▶ **WHAT IS REQUIRED**
In your copy, leave out the pictures and repeat the entries below exactly.

▶ **Crawled caption data**
....................

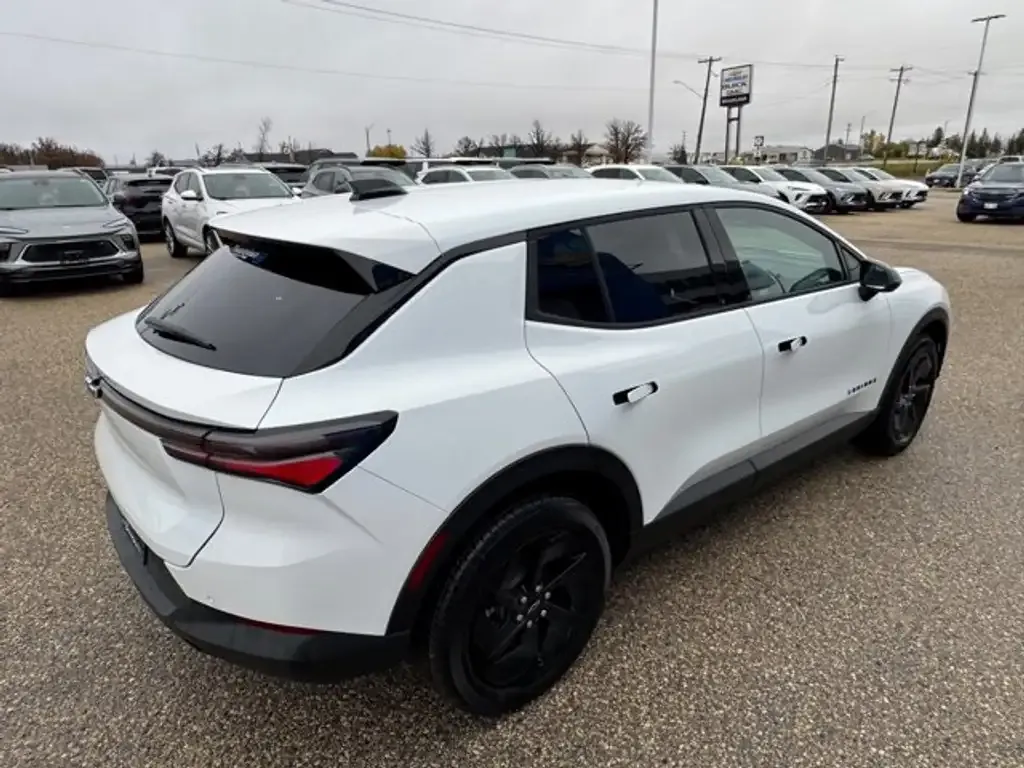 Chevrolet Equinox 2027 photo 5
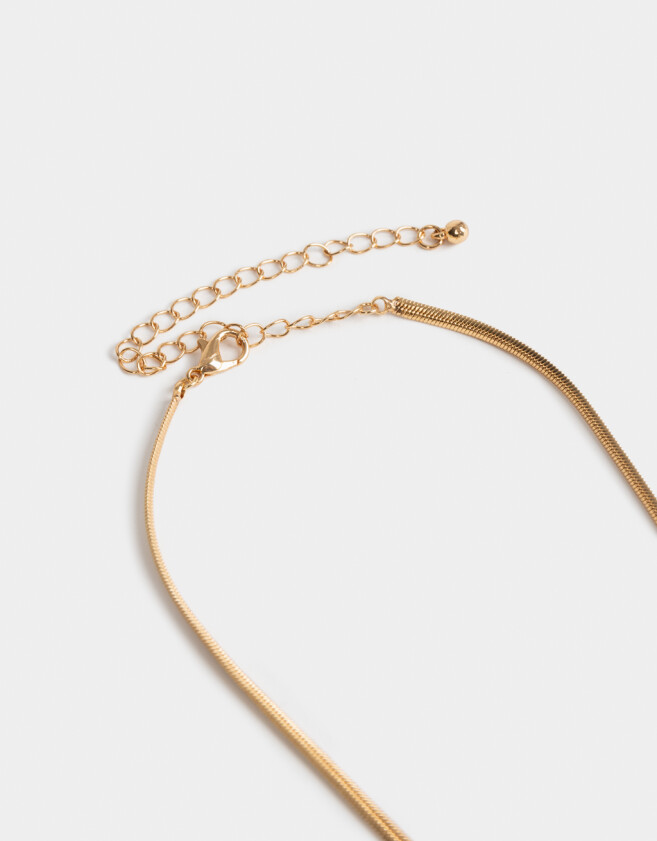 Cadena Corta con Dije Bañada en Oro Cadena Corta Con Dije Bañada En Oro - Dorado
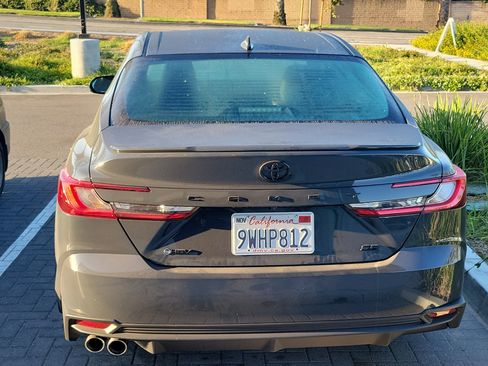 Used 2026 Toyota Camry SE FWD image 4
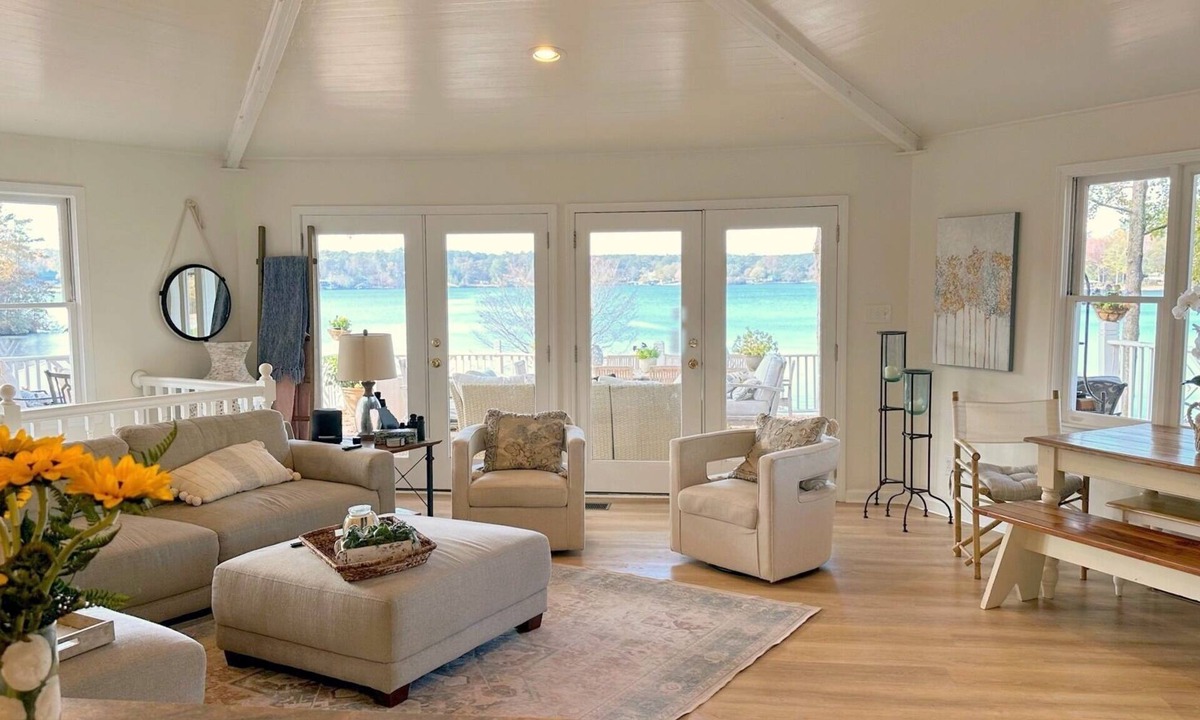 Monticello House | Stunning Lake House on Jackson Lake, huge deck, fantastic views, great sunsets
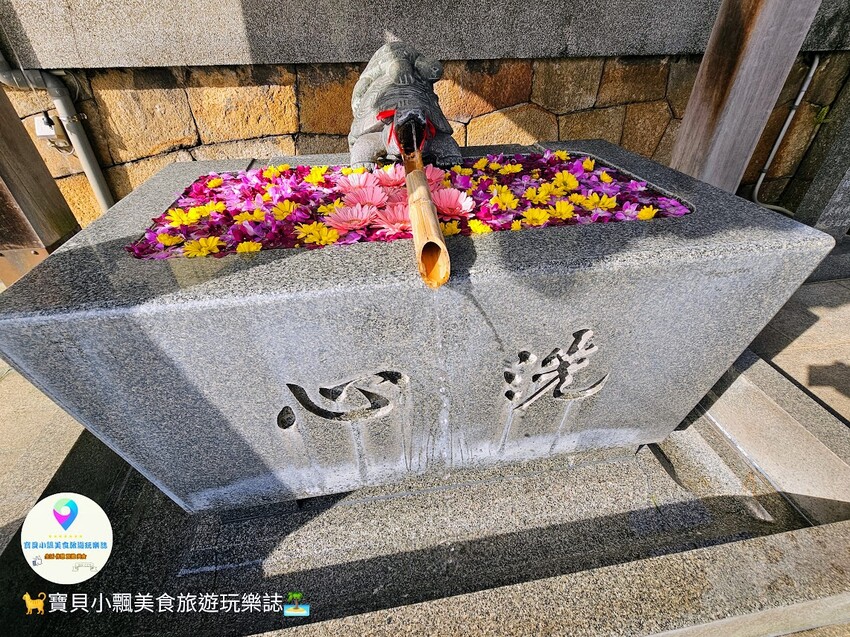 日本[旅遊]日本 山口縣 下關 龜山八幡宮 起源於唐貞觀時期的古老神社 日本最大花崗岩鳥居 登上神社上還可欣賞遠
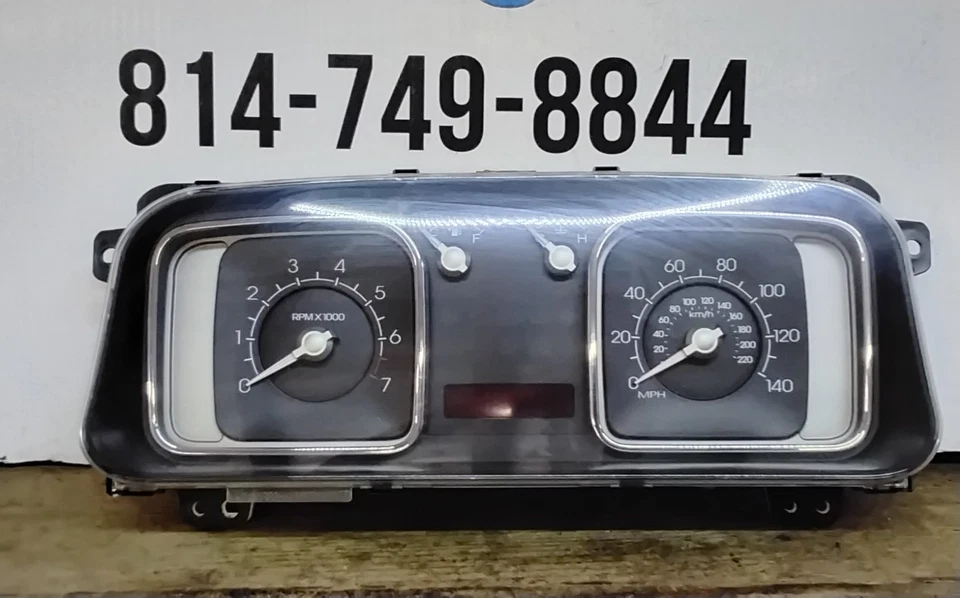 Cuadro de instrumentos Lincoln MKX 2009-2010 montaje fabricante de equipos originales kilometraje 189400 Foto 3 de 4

....................

▶ **RESPONSE TO THIS EXERCISE**
 Chevrolet Equinox 2027 photo 5
 Cadena Corta con Dije Bañada en Oro Cadena Corta Con Dije Bañada En Oro - Dorado
 Used 2026 Toyota Camry SE FWD image 4
 Monticello House | Stunning Lake House on Jackson Lake, huge deck, fantastic views, great sunsets
 日本[旅遊]日本 山口縣 下關 龜山八幡宮 起源於唐貞觀時期的古老神社 日本最大花崗岩鳥居 登上神社上還可欣賞遠
 Cuadro de instrumentos Lincoln MKX 2009-2010 montaje fabricante de equipos originales kilometraje 189400 Foto 3 de 4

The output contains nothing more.